* [Records for the exercise]
★ ★ ★ ★ ★ ★ ★

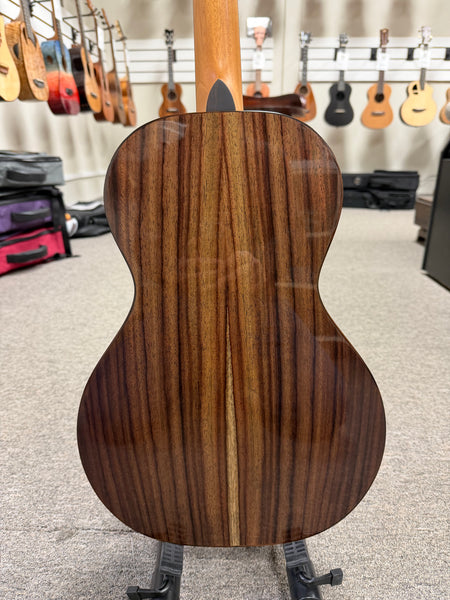 PONO ULN4-4 Nylon String Solid Cedar/Rosewood Large Body Baritone Ukulele w/Case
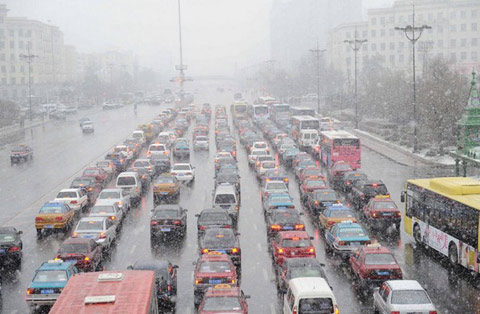 冰冻雨雪天气如何安全驾驶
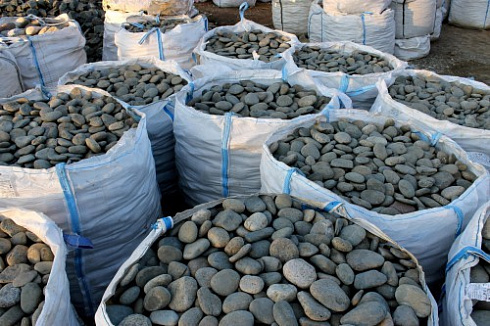 Kamenclub.ru: Галька речная плоская (темно-серая) фр. 100-200-300 мм. купить  в Луганске галька речная плоская темно-серый, серый, синий речной галечник плоский 9000 руб/т   фото КАМЕНЬ КЛУБ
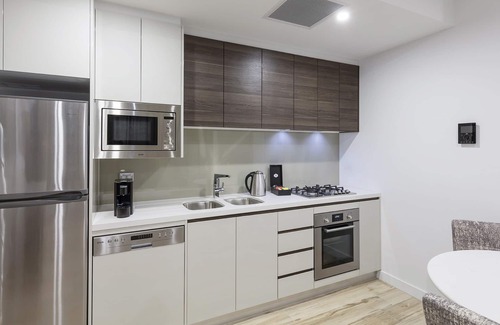 Southport Apartment | Meriton Suites Southport, Gold Coast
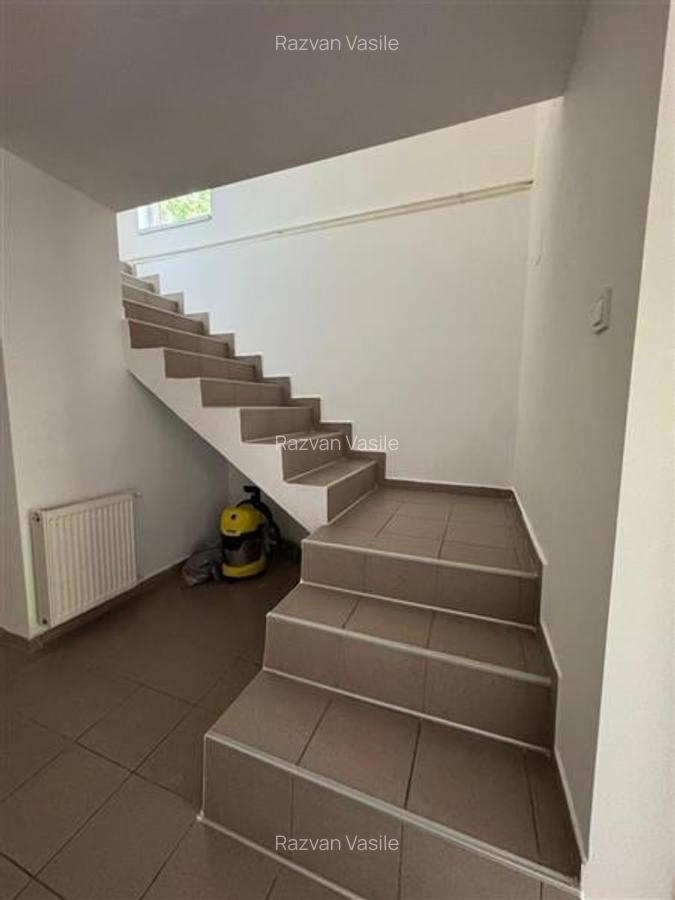 Casa cu 5 camere situata în Ploiesti, aproape de centrul orasului si de Pra - 4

★ ★ ★ ★ ★ ★ ★

* [Problem]
Without the pictures, repeat the line with "Southport Apartment |" and every line after it to the end of the listing, and nothing else.

* [Output for this exercise]
 Southport Apartment | Meriton Suites Southport, Gold Coast
 Casa cu 5 camere situata în Ploiesti, aproape de centrul orasului si de Pra - 4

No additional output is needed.